The Adamawa Volcanic Massif of the Cameroon Volcanic Line (CVL) is dominated by silica-undersaturated basaltic lavas, which have been attributed to plume volcanism. However, the relative contributions of peridotite and pyroxenite sources have not been assessed. Here, we present mineral and whole-rock data for the lavas to consider this issue and to better understand their petrogenesis and source mineralogy. The lavas are porphyritic, with phenocrysts and micro-phenocrysts of olivine, and to a lesser extent, clinopyroxene, in a groundmass of plagioclase, oxides, and apatite. The lava compositions are all basanites. They are silica-undersaturated and are primitive, mantle-derived melts. The basanites display lower CaO and CaO/Al₂O₃ ratio but higher Fe/Mn values than expected for melts of peridotite, consistent with an appreciable contribution from melting of pyroxenite in the source.

Olivine phenocrysts are characterized by low CaO and NiO contents but higher Fe/Mn ratios than those of olivine in melts of peridotitic sources, supporting the contribution of pyroxenite to the primary melts, and that the main mantle source lithology for the basanites was a mixture of spinel-facies peridotite and silica-deficient pyroxenite. The presence of both pyroxenite and peridotite xenoliths in this area attests to the contribution of these two mantle lithologies to the primary melts, and their relative contribution varies on a very local scale. Significant contamination by crustal materials during magma ascent is ruled out. The Youkou basanites provide a key for improving the general understanding of melt production in lithologically heterogeneous mantle beneath the CVL. Beneath the Youkou volcano, partial melting of pyroxenite by decompression formed silica-deficient melts at 60-80 km depth, which modified the peridotite mantle source by a low degree melt enrichment process indicated by the enrichment in incompatible elements. This modified mantle source then underwent low-degree melting to produce the basanitic melts, which are concentrated in a linear zone focused by the combination of the northern edge of the Congo craton and the Central African Shear Zone.

喀麦隆火山线 (CVL) 的阿达马瓦火山地块主要是二氧化硅不饱和的玄武岩熔岩，这归因于羽状火山作用。
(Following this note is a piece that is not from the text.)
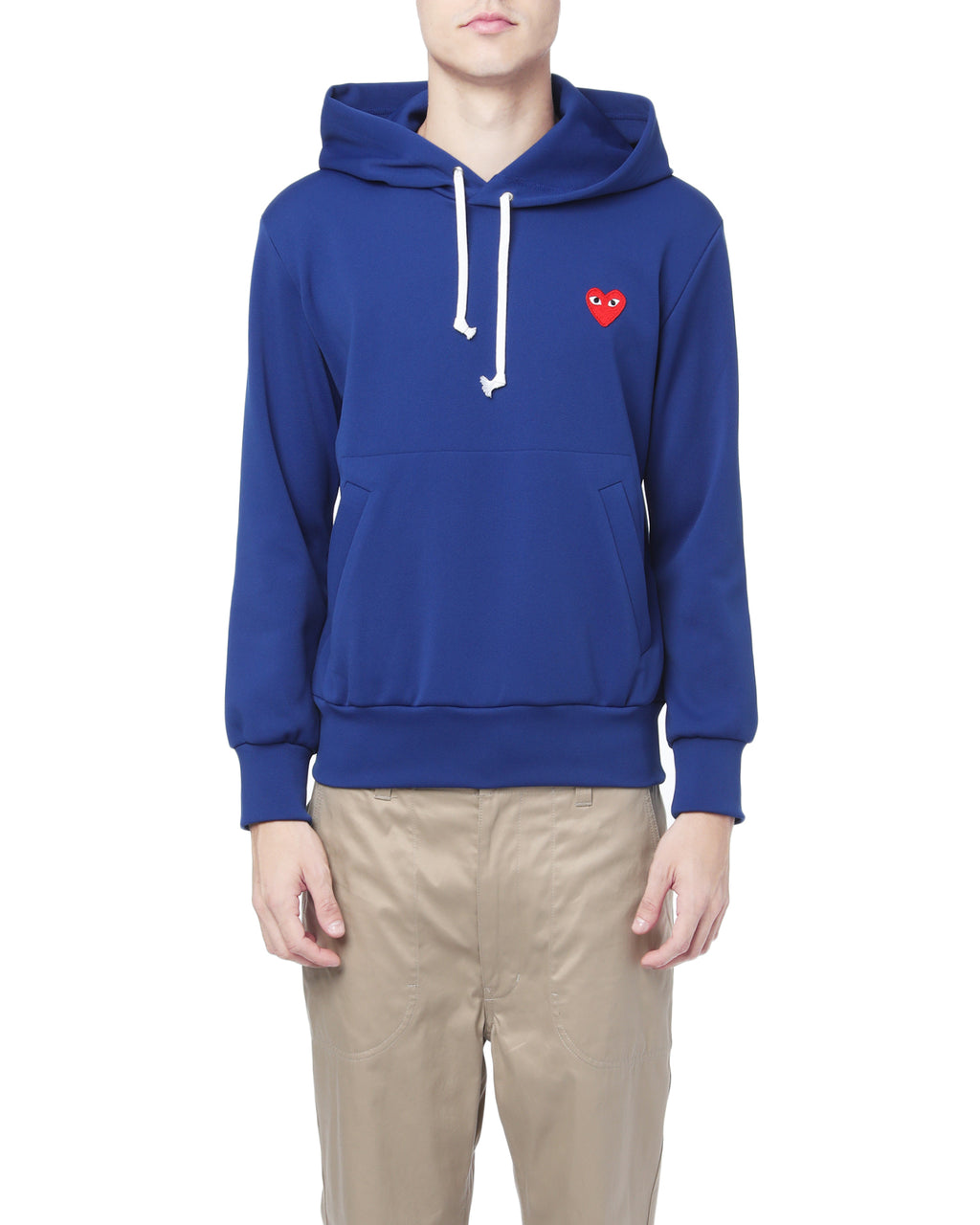 Heart logo hoodie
然而，尚未评估橄榄岩和辉石来源的相对贡献。在这里，我们提供了熔岩的矿物和全岩数据，以考虑这个问题并更好地了解它们的岩石成因和来源矿物学。熔岩呈斑状，在斜长石、氧化物和磷灰石的基质中含有橄榄石斑晶和微斑晶，在较小程度上还有单斜辉石。熔岩成分都是巴桑石。它们是二氧化硅不饱和的，是原始的、地幔衍生的熔体。巴桑石显示出较低的 CaO 和 CaO/Al ₂ O ₃比，但 Fe/Mn 值高于橄榄岩熔体的预期值，这与源中辉石岩熔化的显着贡献一致。
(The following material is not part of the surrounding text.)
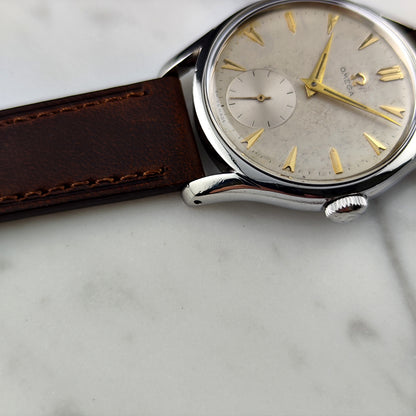 OMEGA Classic White Dial Gold 1952 [REF. 1639]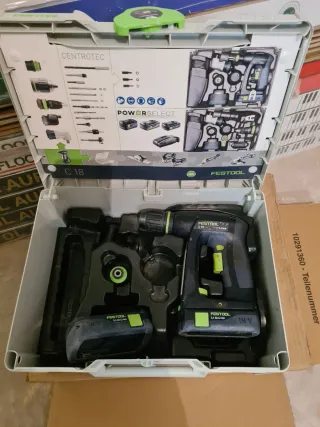 Atornillador taladro 18V Festool C 18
橄榄岩斑晶的特点是 CaO 和 NiO 含量低，但 Fe/Mn 比高于橄榄岩源熔体中的橄榄石，支持辉石岩对原生熔体的贡献，并且黑曜石的主要地幔源岩性是尖晶石相橄榄岩和缺硅辉石岩。该地区同时存在辉石岩和橄榄岩捕虏体证明了这两种地幔岩性对原生熔体的贡献，并且它们的相对贡献在非常局部的范围内变化。排除了岩浆上升过程中地壳物质的严重污染。尤口玄武岩为提高对 CVL 下岩性非均质地幔中熔体生产的一般认识提供了关键。幽口火山下，通过减压使辉石岩部分熔融，在 60-80 公里深度形成了缺硅熔体，通过不相容元素富集表明的低度熔体富集过程改变了橄榄岩地幔源。然后，这种改良的地幔源经历了低度熔融，产生了玄武岩熔体，这些熔体集中在由刚果克拉通北部边缘和中非剪切带结合而成的线性区域。